Gelombang demonstrasi yang melanda Indonesia pada 25--30 Agustus 2025 bukan sekadar peristiwa politik atau kerusuhan massa. Jika ditelaah melalui perspektif manajemen sumber daya manusia (SDM), aksi tersebut merepresentasikan kegagalan negara dalam mengelola hubungan dengan rakyatnya sebagai "karyawan" dalam organisasi besar bernama bangsa.
Awal: Ketidakadilan yang Terakumulasi
   Akar persoalan terletak pada ketimpangan dalam distribusi sumber daya. Keputusan mengenai tunjangan DPR menjadi simbol yang memperlebar jarak antara elite politik dan masyarakat. Dalam teori equity, ketidakadilan kompensasi selalu melahirkan rasa frustrasi.
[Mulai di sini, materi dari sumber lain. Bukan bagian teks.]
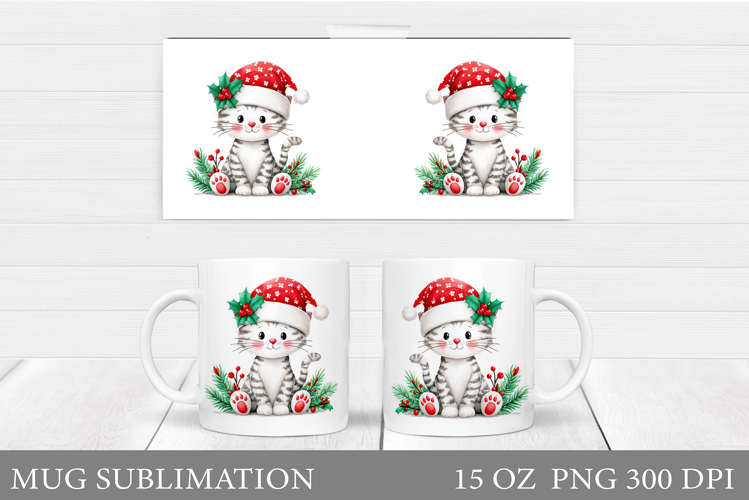 Christmas Cat Mug Design. Christmas Mug Sublimation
Publik membandingkan keistimewaan pejabat dengan kondisi pekerja yang masih berhadapan dengan upah minimum, outsourcing, dan gelombang pemutusan hubungan kerja.
   Lebih dari sekadar keputusan finansial, masalah ini menunjukkan adanya kegagalan komunikasi. Negara tidak menyediakan ruang dialog untuk menjelaskan, mendengarkan, atau menanggapi secara terbuka aspirasi masyarakat. Ketiadaan kanal komunikasi yang sehat menjadikan protes sebagai pilihan tunggal.
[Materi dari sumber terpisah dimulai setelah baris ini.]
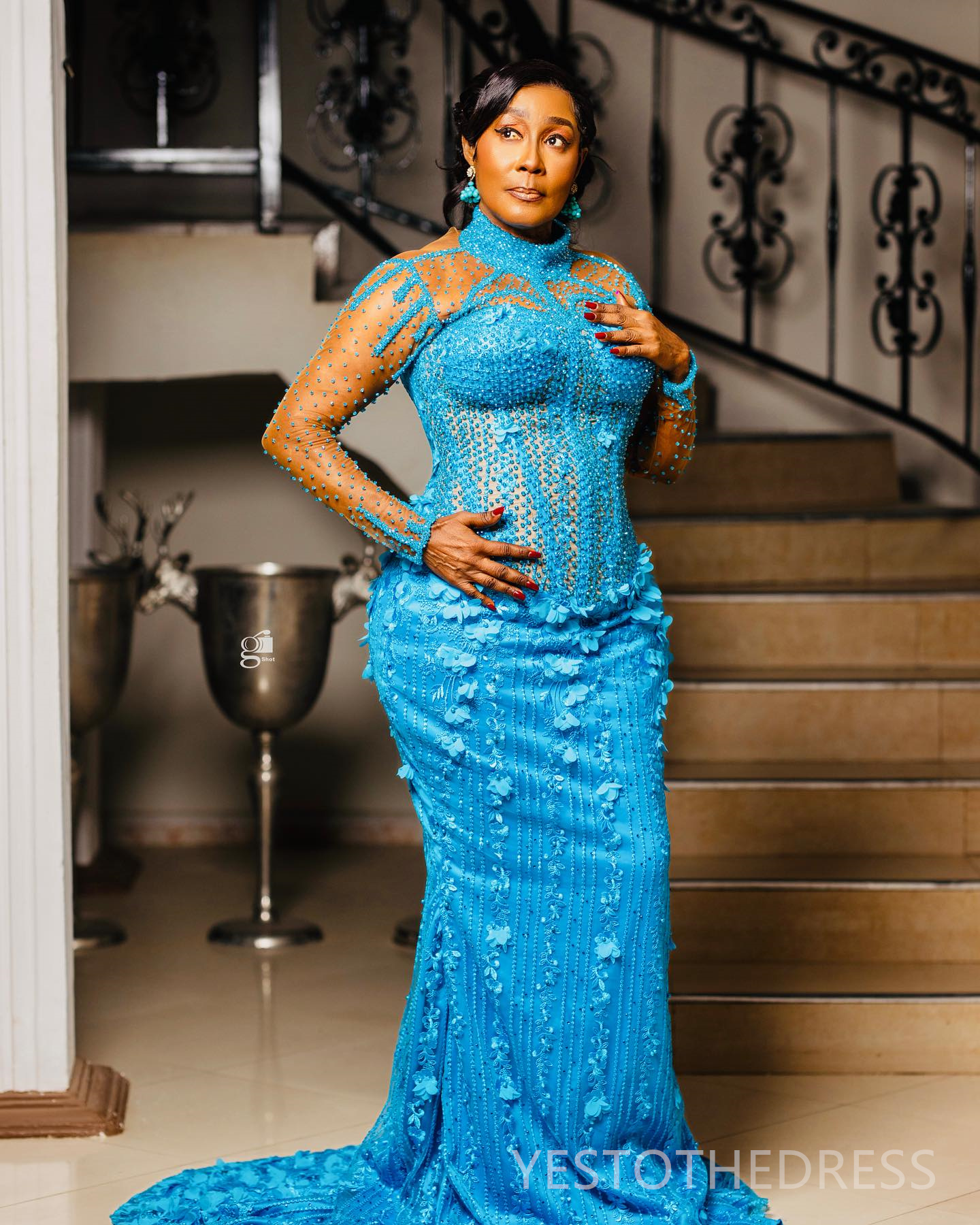 R&W 2024 Plus Size Aso Ebi Prom Mermaid Promdress High Neck Long Sleeves Illusion Beaded Crystals ra Lace 50th Birthday Dress Second Reception Gala Go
Puncak: Tragedi sebagai Titik Eskalasi
   Dalam manajemen konflik, selalu ada titik balik yang mengubah ketidakpuasan menjadi perlawanan terbuka. Tragedi yang menimpa Affan Kurniawan, pengemudi ojek online yang tewas akibat terlindas kendaraan taktis Brimob, menjadi pemicu solidaritas nasional. Peristiwa ini mengubah isu yang semula bersifat struktural---kenaikan tunjangan DPR---menjadi persoalan yang personal dan emosional.
   Dari perspektif MSDM, peristiwa ini serupa dengan kecelakaan kerja yang tidak ditangani secara empatik. Tanpa respons kemanusiaan, tragedi tersebut menyalakan kemarahan kolektif. Ia menjelma simbol ketidakadilan dan memperluas partisipasi massa, dari mahasiswa hingga pekerja sektor informal.
Akhir: Negosiasi dalam Bentuk Tuntutan
   Redanya aksi pada 30 Agustus tidak berarti berakhirnya persoalan. Justru puncak dari demonstrasi tersebut adalah lahirnya 17+8 Tuntutan Rakyat, yang berfungsi layaknya collective bargaining agreement dalam hubungan industrial. Tuntutan ini merangkum aspirasi jangka pendek---mulai dari transparansi anggaran hingga perlindungan kerja---serta agenda jangka panjang yang menuntut reformasi struktural.
   Dalam kerangka MSDM, tuntutan ini merupakan refleksi atas gagalnya fungsi employee relations dalam skala nasional. Rakyat sebagai "tenaga kerja" menegosiasikan haknya di luar mekanisme formal, karena kanal dialog yang sahih dianggap tidak lagi berfungsi.